# A Bit of Humor to Start the Day



## nina foresti (Mar 11, 2014)

Church Bulletin Announcements:

1. The peacemaking meeting scheduled for today has been canceled due to a conflict.
2. A bean supper will be held on Tuesday evening in the church hall. Music will follow.
3. Don’t let worries kill you – Let the church help.
4. This being Easter Sunday, we will ask Mrs. Jones to come forward and lay an egg on the altar.
5. The visiting monster today is Rev. Jack Bains.
6. The Associate Minister unveiled the church’s new tithing campaign slogan last Sunday: “I upped My Pledge—-Up Yours.”
7. If you need to heave during the Postlude, please do so quietly.
8. Remember in prayer the many who are sick of our church congregation.
Finally, this one is pretty funny and unfortunate, but i cannot imagine the reactions that the secretary and the pastor received…
9. Thursday at 5:00PM there will be a meeting of the Little Mothers Club.
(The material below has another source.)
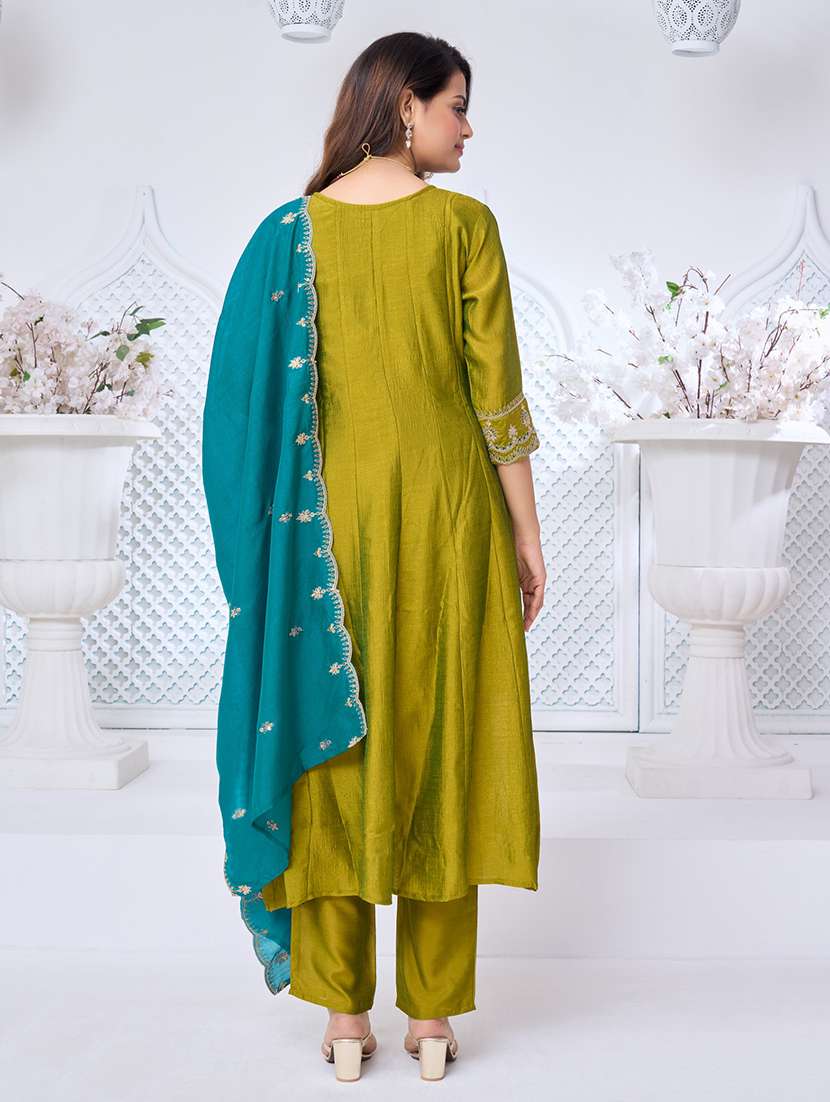 women embroidered three quarter sleeves kurta pant set with dupatta - 22577460 -  Standard Image - 4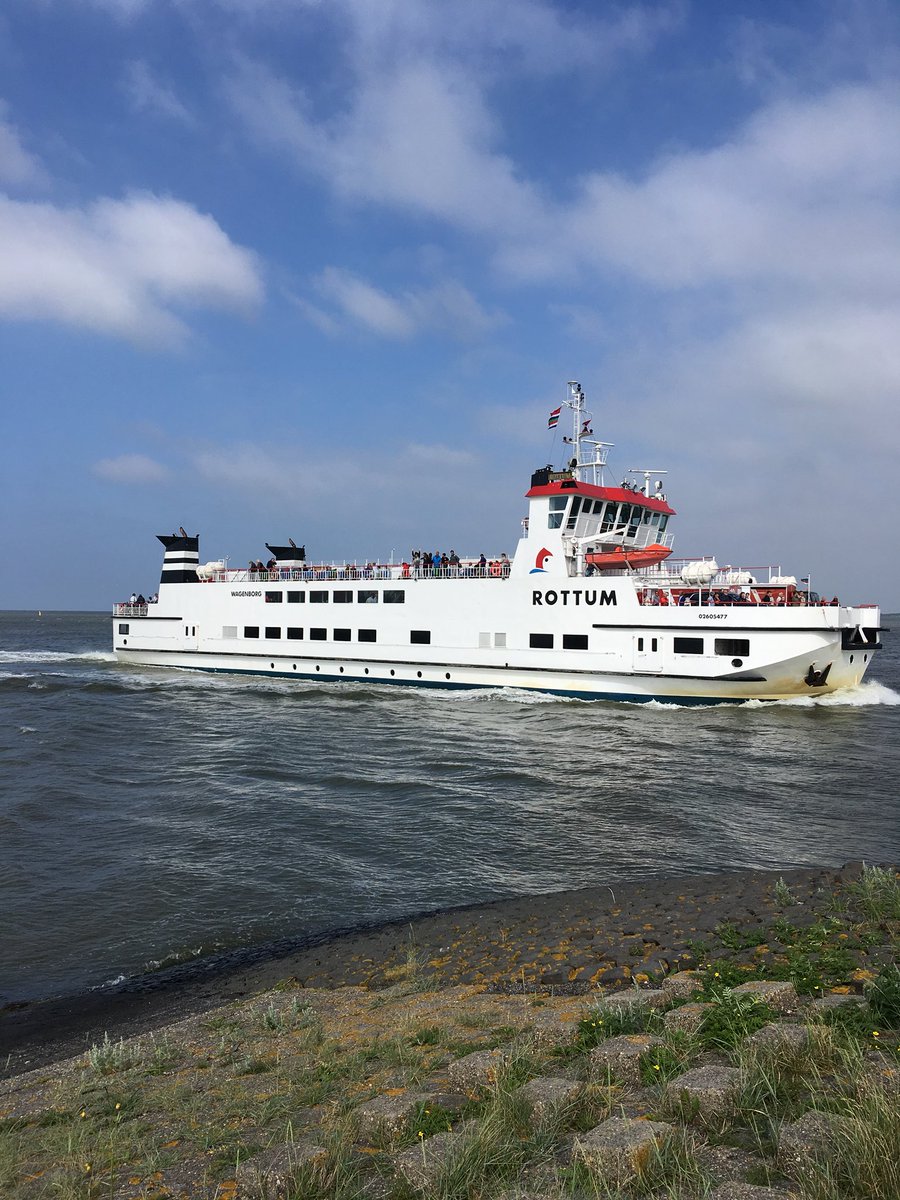 RixtVries's tweet image. Groep 6 @fennemaskoalle waait fris en fruitig de haven van @havenlauwersoog binnen. Top dag voor #schoolreisje #strand #zee #Schiermonnikoog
All wishing to become Little Mothers, please see the minister in his study.


----------



## zxxyxxz (Apr 14, 2020)

That made me laugh.


----------



## erki (Feb 17, 2020)

Good ones! However it would have been enough to continue the existing joke topics. Or there is a special reason to start a new one?


----------



## nina foresti (Mar 11, 2014)

Um... what existing joke topics? Please point them out to me. Thanks


----------



## pianozach (May 21, 2018)

https://www.talkclassical.com/989-some-music-jokes-relieve.html?highlight=jokes

https://www.talkclassical.com/45728-dad-jokes-share-them.html?highlight=jokes

https://www.talkclassical.com/543-i-made-funny.html?highlight=jokes

https://www.talkclassical.com/26811-funny-story-thread.html?highlight=funny

https://www.talkclassical.com/16042-here-joke.html?highlight=joke

https://www.talkclassical.com/29524-holiday-joke-page.html?highlight=joke

https://www.talkclassical.com/30437-visceral-reactions-classical-music.html?highlight=joke

There are more . . .


----------



## Flamme (Dec 30, 2012)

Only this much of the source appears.